Task goal: What you write should match, word for word, the lines from the one containing "경북대학교 김경진 교수, 산업" through the end of the data, with no pictures.

========

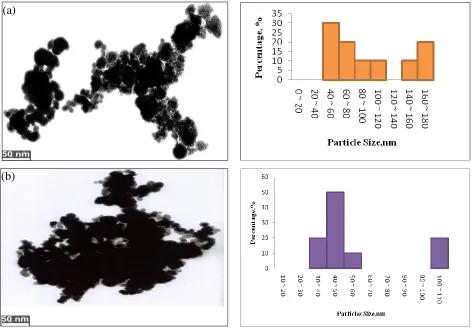 Figure 3. TEM images of silica particles and their particle size distribution produced at different NH3/EtOH ratio: (a) 1.00 and (b) 0.25  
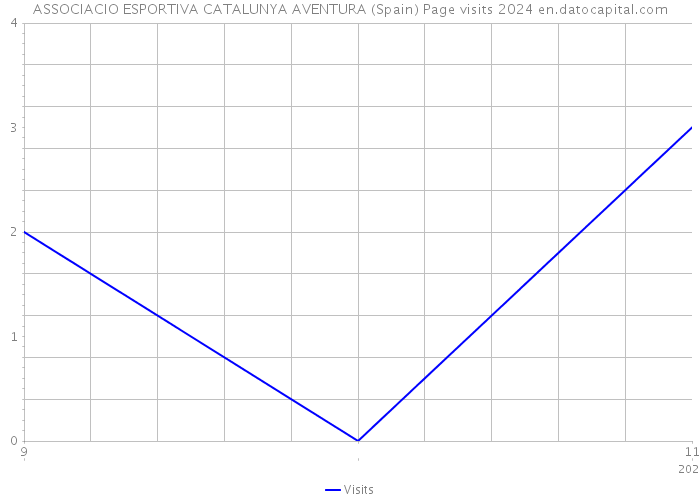 ASSOCIACIO ESPORTIVA CATALUNYA AVENTURA (Spain) Page visits 2024 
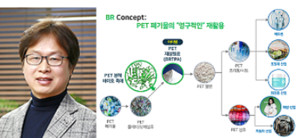 경북대학교 김경진 교수, 산업 조건에서 PET 플라스틱을 분해하는 세계... - 뉴스 썸네일 이미지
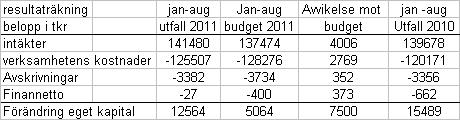 Samlad analys - personal och ekonomi Anställda Antalet årsarbetare har under perioden (aug 2010 - aug 2011) ökat från 293,4 till 295,9.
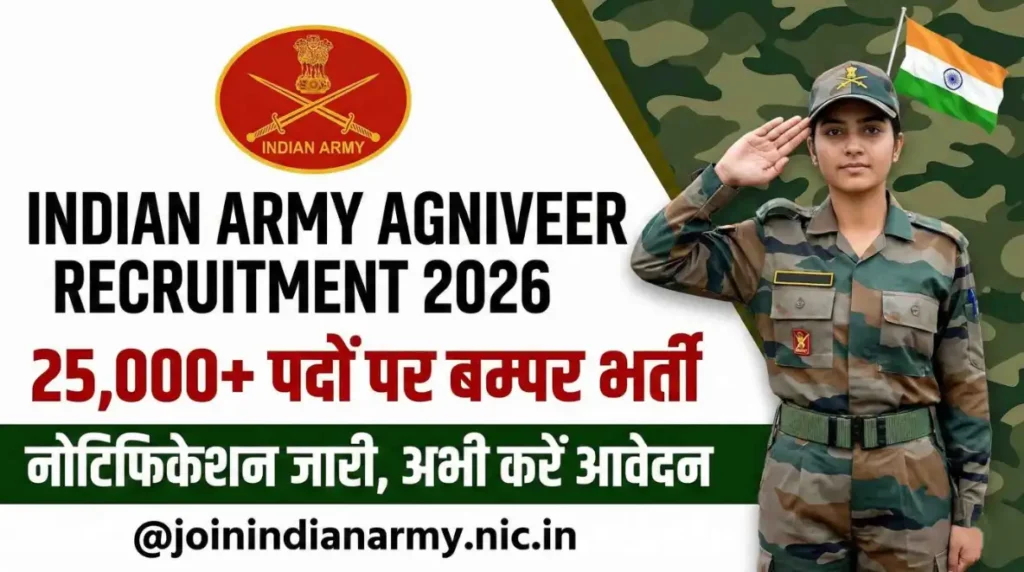 Indian Army Agniveer Rally Recruitment 2026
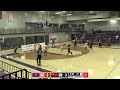 2022 Canada Basketball Nationals 🏀 15U GIRLS: Alberta vs Manitoba [August 2, 2022]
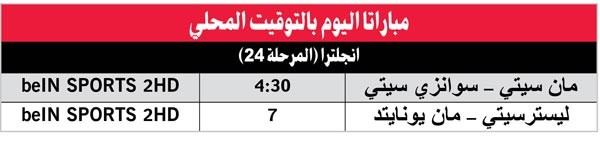 «المان» Vs «الثعالب».. من يزيد جراح الآخر؟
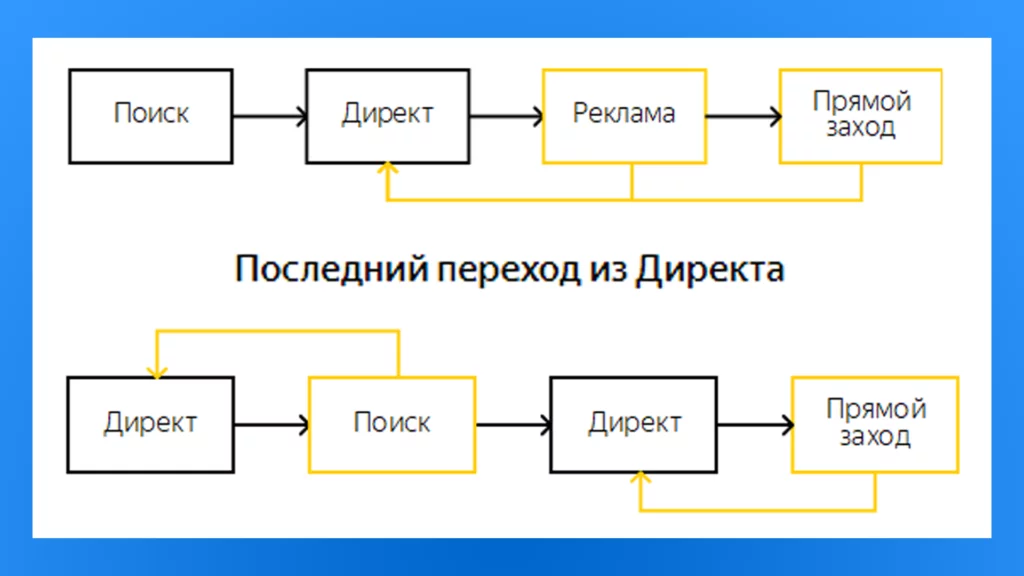 атрибуция последний переход из яндекс директ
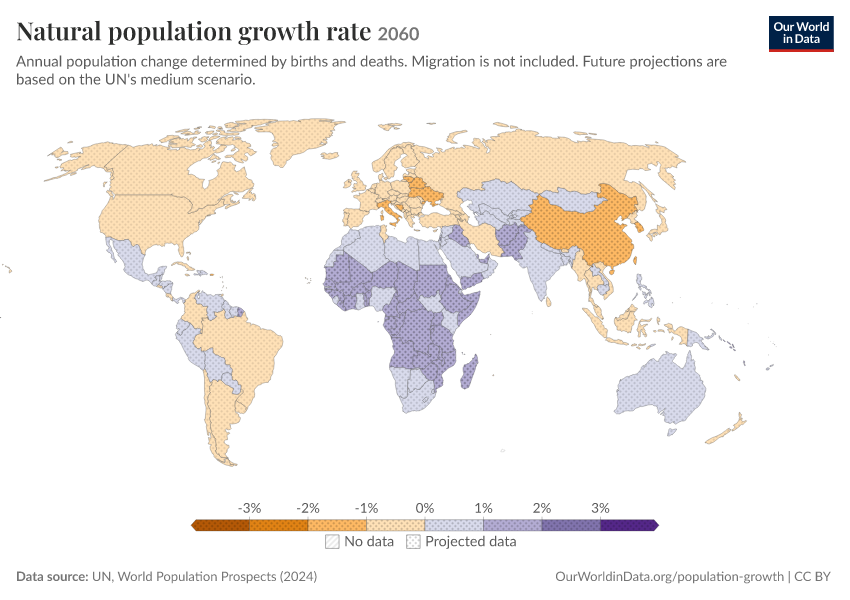 Natural population growth rate
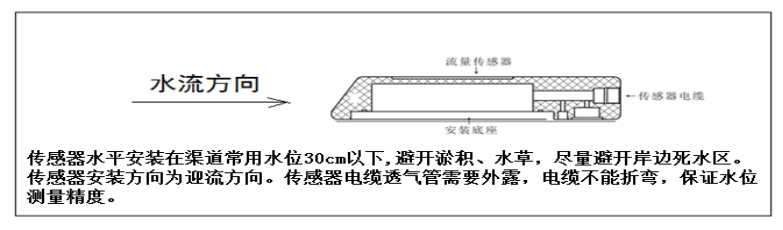 多普勒流速流量?jī)x安裝說明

========

Your solution:
 경북대학교 김경진 교수, 산업 조건에서 PET 플라스틱을 분해하는 세계... - 뉴스 썸네일 이미지
 Samlad analys - personal och ekonomi Anställda Antalet årsarbetare har under perioden (aug 2010 - aug 2011) ökat från 293,4 till 295,9.
 Indian Army Agniveer Rally Recruitment 2026
 2022 Canada Basketball Nationals 🏀 15U GIRLS: Alberta vs Manitoba [August 2, 2022]
 «المان» Vs «الثعالب».. من يزيد جراح الآخر؟
 атрибуция последний переход из яндекс директ
 Natural population growth rate
 多普勒流速流量?jī)x安裝說明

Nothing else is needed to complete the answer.